Juniper Networks Field Guide and Reference
| 2002-10-11 00:00:00 | | 0 | Networks


Guide condenses thousands of pages of manuals, tech notes, and engineering resources into a single book. Provides information hand-picked and edited by the person responsible for documenting all Juniper technologies. Softcover.

User review
Out of Date But Still Largely Relevant and Useful
Juniper has a chunk of what once was Cisco's core routing business, but it has a very small fraction of published pages in this area. This book is from 2002 and is still one of only a handful of books available on the M and T Series in the service provider space. It also refers to a lot of obsolete products (M5, M10, M40 and the infamous M160). Even with that, and the fact that it's kind of a `meta documentation` book rather than a case study guide or design reference as Cisco might put out, this is still a pretty useful book.

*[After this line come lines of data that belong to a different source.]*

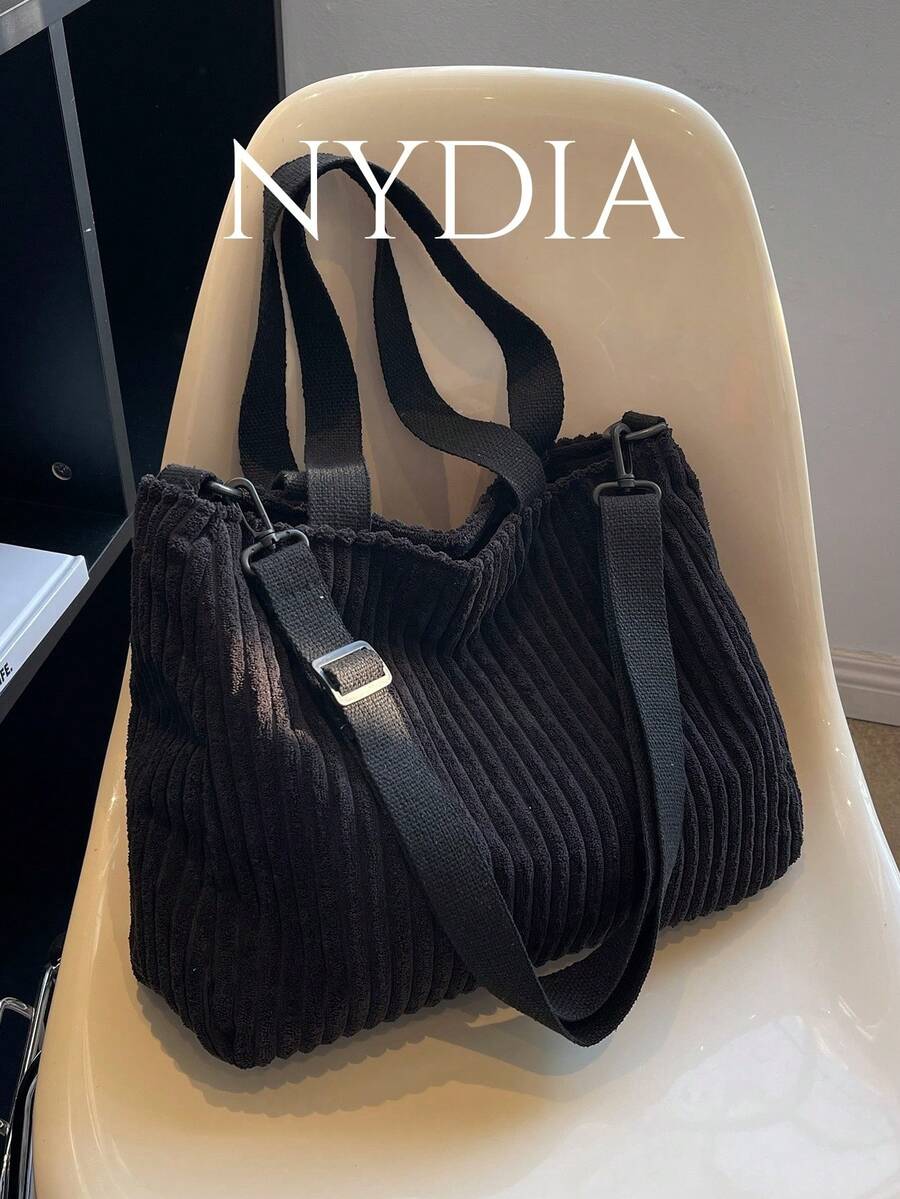 Fuzzy, Soft, Plush Fluffy Shoulder Tote Bag For Girls, Women, College Students, Rookies & White-Collar Workers For Work, Office, Commute, For Autumn & Winter, Warm Winter, Outdoors Fall Clothes For Women - Black - View 1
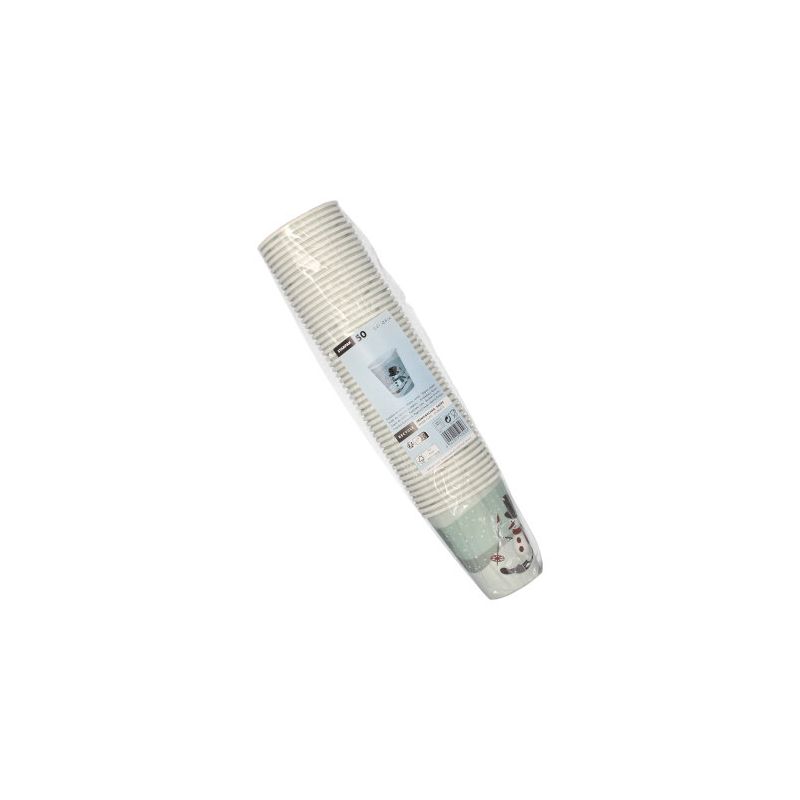 Becher | Glühwein |Pappbecher "To Go", 0,2 l Ø 8 cm · 9,2 cm "Snowman" 50 Stk.
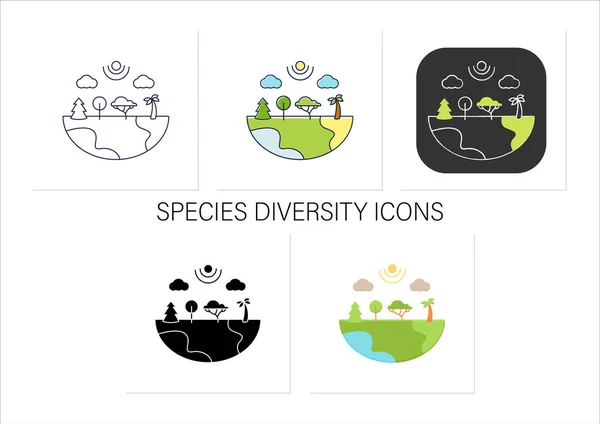 Conjunto de ícones de diversidade de espécies —  Vetores de Stock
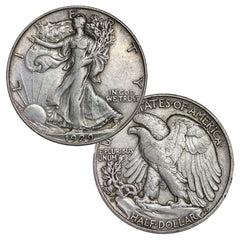 $1 Face - 90% Silver Walking Liberty Half Dollar Circulated (Two Coins)-1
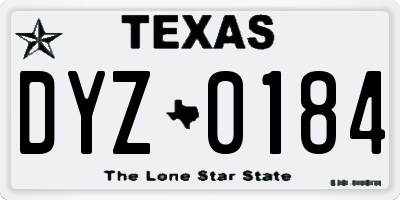 TX license plate DYZ0184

JUNOS and its many advantages over IOS (way more stable and secure, typically higher performing, commit/rollback capabilities, far better high availability features) are not that different than what they were three years ago, and this book explains them quite well. The architecture of Juniper routers is also the same, both in terms of the separate routing and packet forwarding engines, and the midplane design of the hardware with port interface cards (PICs) and flexible PIC concentrators (FPC).


In a sense, it's more likely that a single Juniper book can cover a variety of platforms over the course of several years than it would be for Cisco. The upgrade procedures for Juniper are far simpler, and there is only a single code train for all platforms, whereas figuring out how to pick the right version of IOS can be quite a chore.


Still, there are a lot of Juniper enhancements that are not covered here and that really should be available in something more than the online docs. For instance, VPLS completely antedates this book, and Juniper's MPLS support includes some a very nice enhancement to RSVP (e.g., the point to multipoint LSP) which outdoes anything Cisco has for transmitting broadcast video across backbone networks. Also, the E Series for broadband aggregation and service routing is not mentioned at all. Finally, the products that came from the NetScreen acquisition offer some unique power and flexibility in terms of being able to set up managed services; this should be covered in a follow-on volume as well.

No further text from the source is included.